§ **What needs to be done**
Below are the records to transcribe exactly; do not include any images.

§ **Captioned web image data**

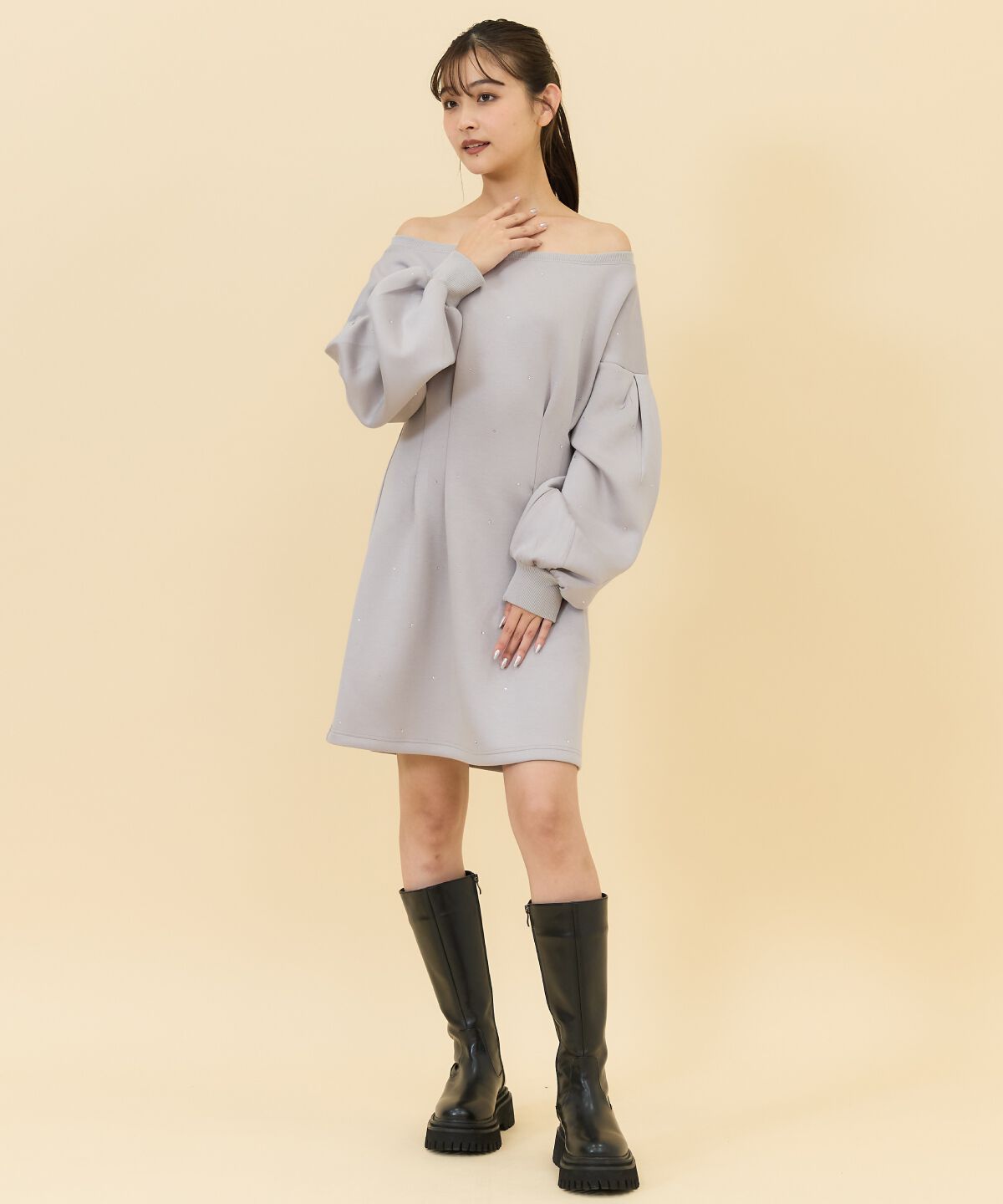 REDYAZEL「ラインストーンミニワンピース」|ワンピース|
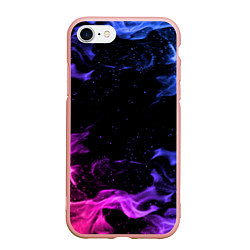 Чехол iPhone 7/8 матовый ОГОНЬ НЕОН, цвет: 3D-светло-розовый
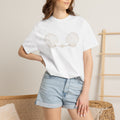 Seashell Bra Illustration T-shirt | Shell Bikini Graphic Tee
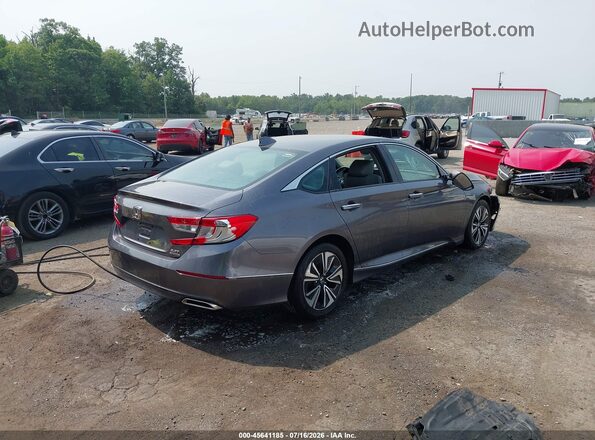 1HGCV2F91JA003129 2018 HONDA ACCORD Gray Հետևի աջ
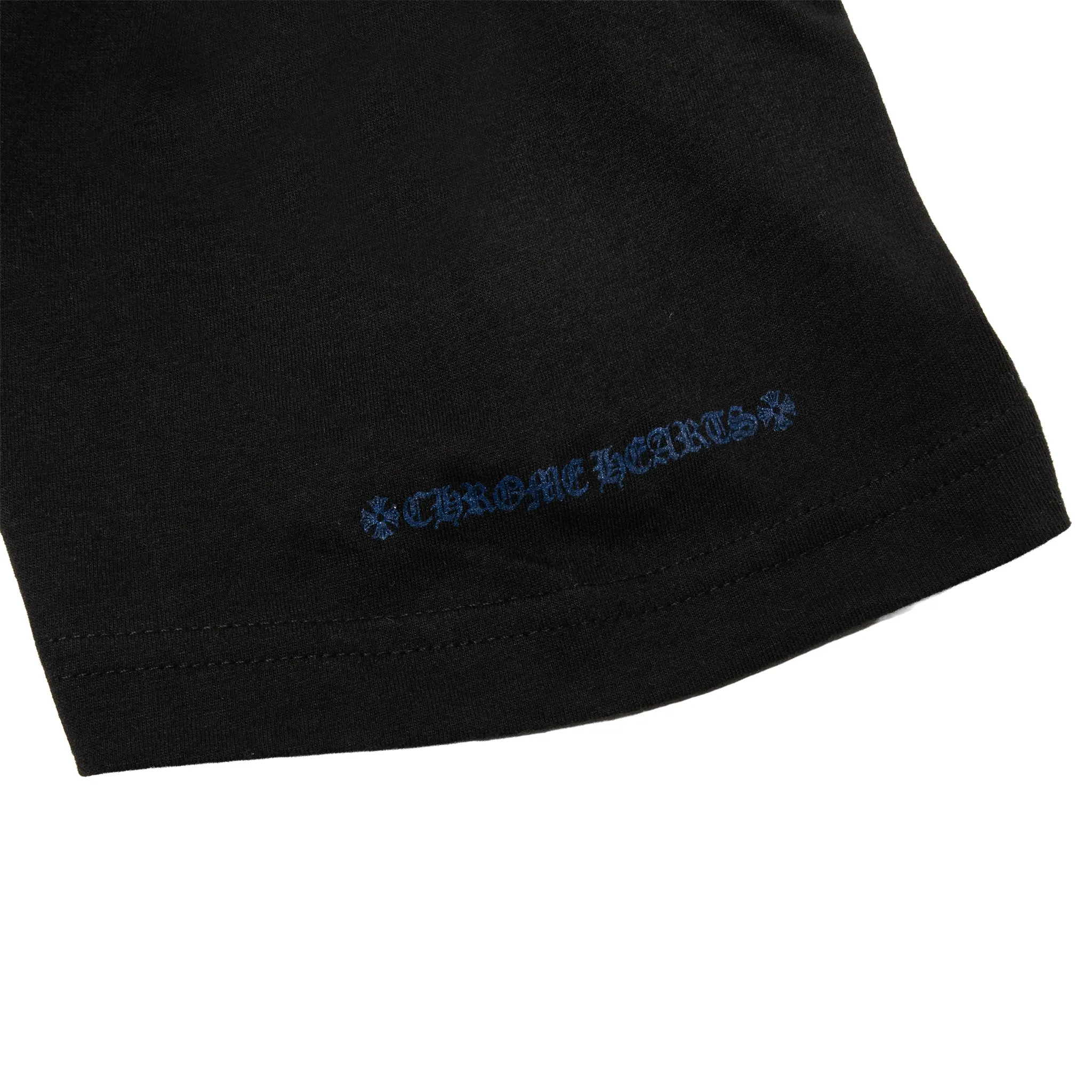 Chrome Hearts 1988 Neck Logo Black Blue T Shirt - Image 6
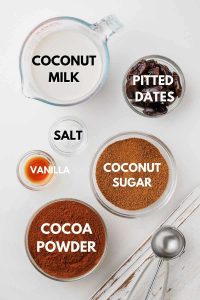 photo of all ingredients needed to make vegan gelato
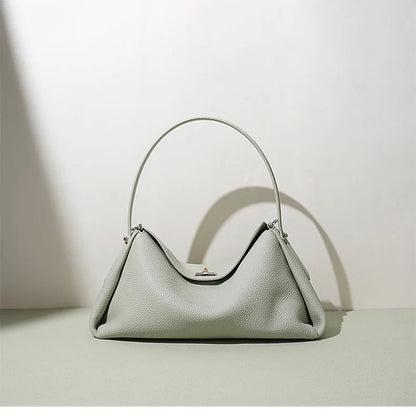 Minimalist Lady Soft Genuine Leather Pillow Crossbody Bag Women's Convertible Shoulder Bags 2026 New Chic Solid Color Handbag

§ **Solution**
 REDYAZEL「ラインストーンミニワンピース」|ワンピース|
 Чехол iPhone 7/8 матовый ОГОНЬ НЕОН, цвет: 3D-светло-розовый
 Seashell Bra Illustration T-shirt | Shell Bikini Graphic Tee
 1HGCV2F91JA003129 2018 HONDA ACCORD Gray Հետևի աջ
 Chrome Hearts 1988 Neck Logo Black Blue T Shirt - Image 6
 photo of all ingredients needed to make vegan gelato
 Minimalist Lady Soft Genuine Leather Pillow Crossbody Bag Women's Convertible Shoulder Bags 2026 New Chic Solid Color Handbag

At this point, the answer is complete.